Второй, более общий повод для беспокойства заключался в том, что для правящей партии церковь по-прежнему оставалась идейным противником. Не стоит, конечно, при анализе причин репрессий придавать особое значение идеологии, но это обстоятельство имело совершенно определенный прагматический аспект. При любой активизации деятельности духовенства в адрес представителей партийной номенклатуры соответствующего уровня мог раздаться (и часто раздавался) начальственный окрик — дескать, что-то черти в вашем огороде расшалились, плохо антирелигиозная пропаганда поставлена. За этим могли последовать оргвыводы — со всеми присущими 1937 г. последствиями.
Но главное, как представляется, все-таки было другое. Проблема не столько в том, что ВКП(б) рассматривала церковь в качестве конкурента на ниве «ловли человеков». Дело в том, что церковь и партия были удивительно похожи структурно и организационно. Уподобление партии церкви (орден меченосцев и т. п.), как и демонстрация религиоподобных черт догматизированного марксизма, набили оскомину. Но можно взглянуть на это и с другой стороны: иерархические церковные структуры были совершенно изоморфны партийным и формировались (если можно предложить такое определение) по параноменклатурному принципу. Применительно к конкретной епархии это означало, что существовало определенное количество «номенклатурных позиций» настоятелей церковных приходов, священников, заполняемых методом назначения сверху из строго определенного контингента, отвечающего каноническим требованиям. Несколько приходов объединялись в благочиние, а назначаемый благочинный выступал промежуточной инстанцией («инструктором обкома») между ним и архиереем. Снуя, как челнок, между приходом и епархиальным центром, он находился в личном контакте, с одной стороны, с его главой, а с другой — с приходским советом, попом, дьяконом, псаломщиком и т. п. Священники частенько навещали по делам епархиальное управление, общались друг с другом, вместе праздновали церковные праздники, выпивали (как без этого!), обсуждали церковные (и не только) дела.
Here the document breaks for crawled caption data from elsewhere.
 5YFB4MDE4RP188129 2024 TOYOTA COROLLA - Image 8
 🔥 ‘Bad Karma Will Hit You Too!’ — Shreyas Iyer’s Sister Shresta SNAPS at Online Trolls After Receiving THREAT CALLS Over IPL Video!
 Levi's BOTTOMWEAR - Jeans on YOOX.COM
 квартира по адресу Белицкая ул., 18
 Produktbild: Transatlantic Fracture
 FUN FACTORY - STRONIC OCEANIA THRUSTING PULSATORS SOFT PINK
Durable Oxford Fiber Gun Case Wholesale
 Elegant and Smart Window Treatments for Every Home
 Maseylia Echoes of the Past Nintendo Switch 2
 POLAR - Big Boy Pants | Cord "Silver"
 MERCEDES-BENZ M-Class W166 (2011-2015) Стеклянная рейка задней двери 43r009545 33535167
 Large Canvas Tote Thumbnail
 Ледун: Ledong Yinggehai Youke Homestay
Одним словом, духовенство действительно было закрытой корпорацией, пронизанной личными связями, организованной и централизованной. В этом смысле самоопределение церкви как земного тела Христова — удачная метафора, т. к. «контрреволюция» в любом из его органов, подобно раковой опухоли, неизбежно должна была поразить метастазами все тело. А уж арест епископа, разумеется, должен был бы иметь для его клира такие же последствия, как и арест секретаря обкома для всех тех, кто делал при нем номенклатурную карьеру. Поистине, духовенство — идеальная среда для конструирования всяческих антисоветских центров, организаций и их подразделений, вербовок и т. д. Такой возможностью не воспользовался бы только ленивый, а в 1937 г. в НКВД ленивые не задерживались.
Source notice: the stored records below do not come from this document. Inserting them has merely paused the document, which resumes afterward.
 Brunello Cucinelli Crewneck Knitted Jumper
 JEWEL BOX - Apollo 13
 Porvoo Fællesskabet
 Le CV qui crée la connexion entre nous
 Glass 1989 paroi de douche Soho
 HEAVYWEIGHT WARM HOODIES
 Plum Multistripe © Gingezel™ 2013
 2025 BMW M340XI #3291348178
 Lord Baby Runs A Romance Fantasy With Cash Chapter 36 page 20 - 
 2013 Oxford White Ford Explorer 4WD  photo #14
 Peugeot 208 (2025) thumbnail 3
Судьба духовенства пермской епархии, в общем, была предопределена задолго до появления приказа № 00447. Первым признаком надвигающейся бури стало разосланное всем городским и районным комитетам партии секретное письмо секретаря Уральского обкома ВКП(б) И. Д. Кабакова от 24 апреля 1937 г., специально посвященное деятельности духовенства. В нем указывалось:
«За последнее время в области в целом ряде районов развивают активную контрреволюционную деятельность церковники и сектанты, которые наряду с попытками использования легальных возможностей новой Конституции перешли к острым формам контрреволюционной работы. Безусловно, церковники и сектанты будут пытаться использовать совпадение пасхи с первым днем мая для своей контрреволюционной агитации, попытки срыва первомайских праздников, срыва разворота сева» [468].
В качестве примера такой деятельности в письме фигурирует, например, поп Калашников, совместно с другими священниками организовавший в Чернушинском районе группу бродячего монашества из семи человек, которые вознамерились устраивать крушения на железной дороге, особенно поездов, в которых будут ехать члены советского правительства. Действительно, священник И. Ф. Калашников был арестован 17 апреля 1937 г. [469]В то время как партийные организации благодушествовали, органы НКВД не дремали.
Вслед за указанием фактов активизации «контрреволюционной деятельности» следовал безапелляционный вывод:
«По своим формам контрреволюционная работа сектантов и церковников носит диверсионный и террористический характер, указывает на наличие единого организующего центра, которым нередко является японская разведка и троцкисты» [470].